__What the task asks__:
Copy each line below word for word and drop every image.

__Available data__:
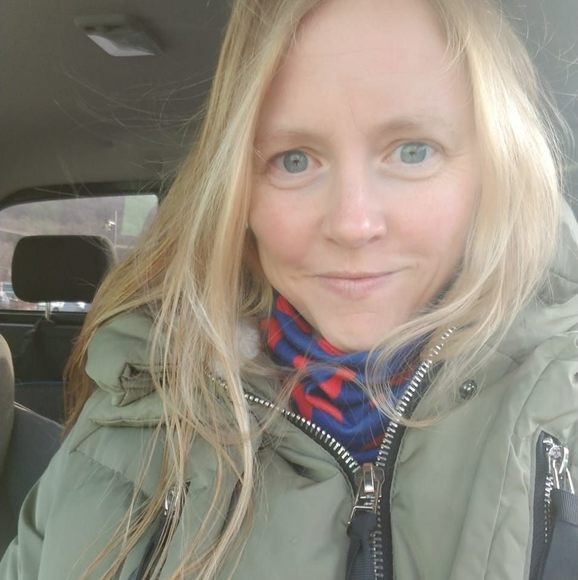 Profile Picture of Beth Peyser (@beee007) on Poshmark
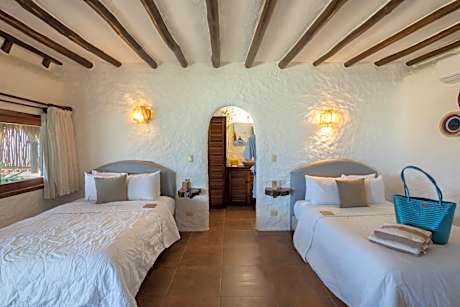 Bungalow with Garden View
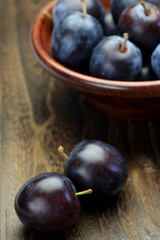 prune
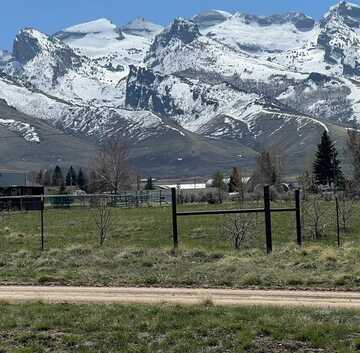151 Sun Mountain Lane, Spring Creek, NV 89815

__The answer__:
 Profile Picture of Beth Peyser (@beee007) on Poshmark
 Bungalow with Garden View
 prune
151 Sun Mountain Lane, Spring Creek, NV 89815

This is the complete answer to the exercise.